● What the task requires
Set down exact lines only, from the line with "Irish crochet &amp;: Зонты" through the last line of the material below, with every picture left out.

● Supplied material
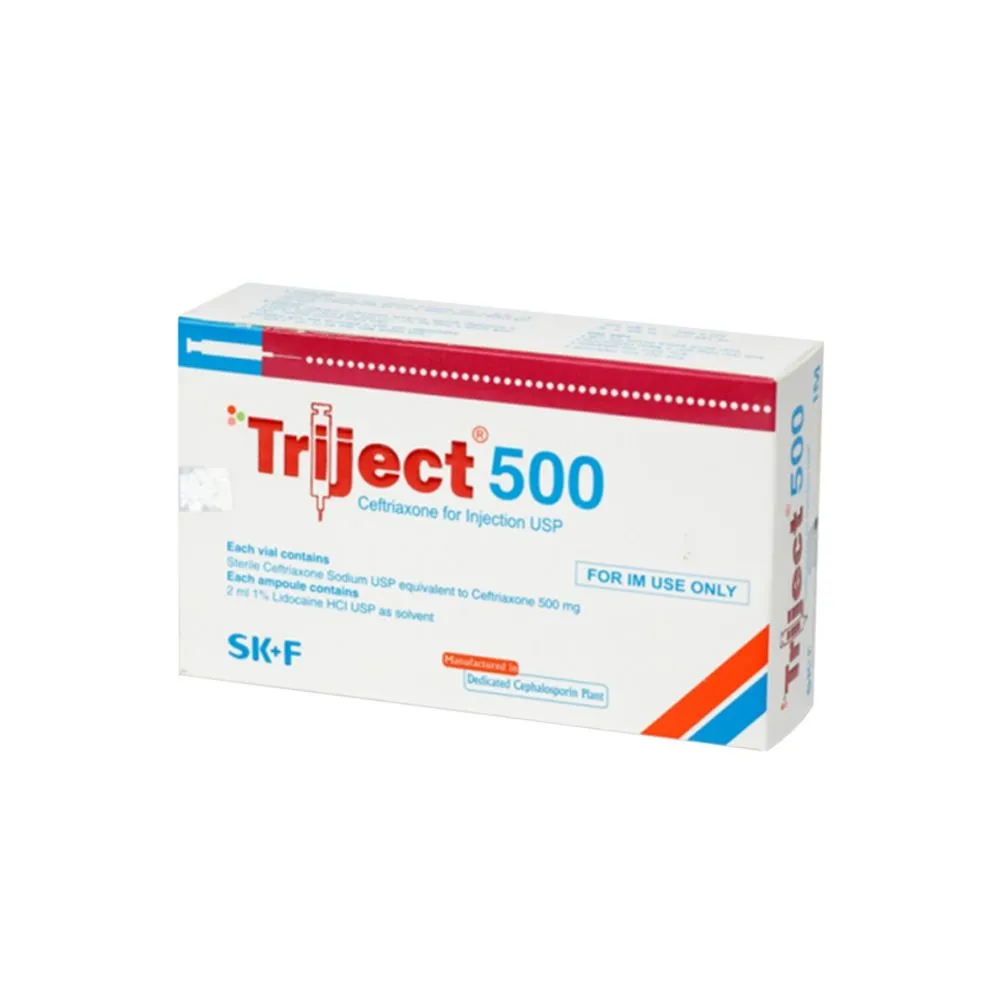 Triject IM 500mg Injection 1 vial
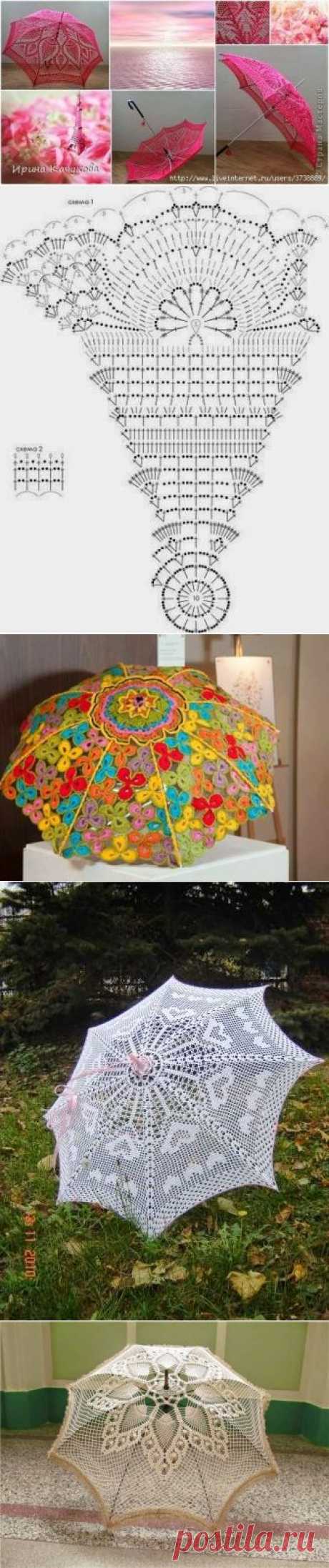 Irish crochet &amp;: Зонты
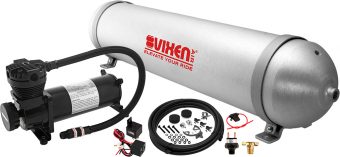 VIXEN AIR VXO4850B 5 GALLON ALUMINUM AIR TANK WITH 200 PSI AIR COMPRESSOR ONBOARD AIR SYSTEM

● Solution
 Irish crochet &amp;: Зонты
 VIXEN AIR VXO4850B 5 GALLON ALUMINUM AIR TANK WITH 200 PSI AIR COMPRESSOR ONBOARD AIR SYSTEM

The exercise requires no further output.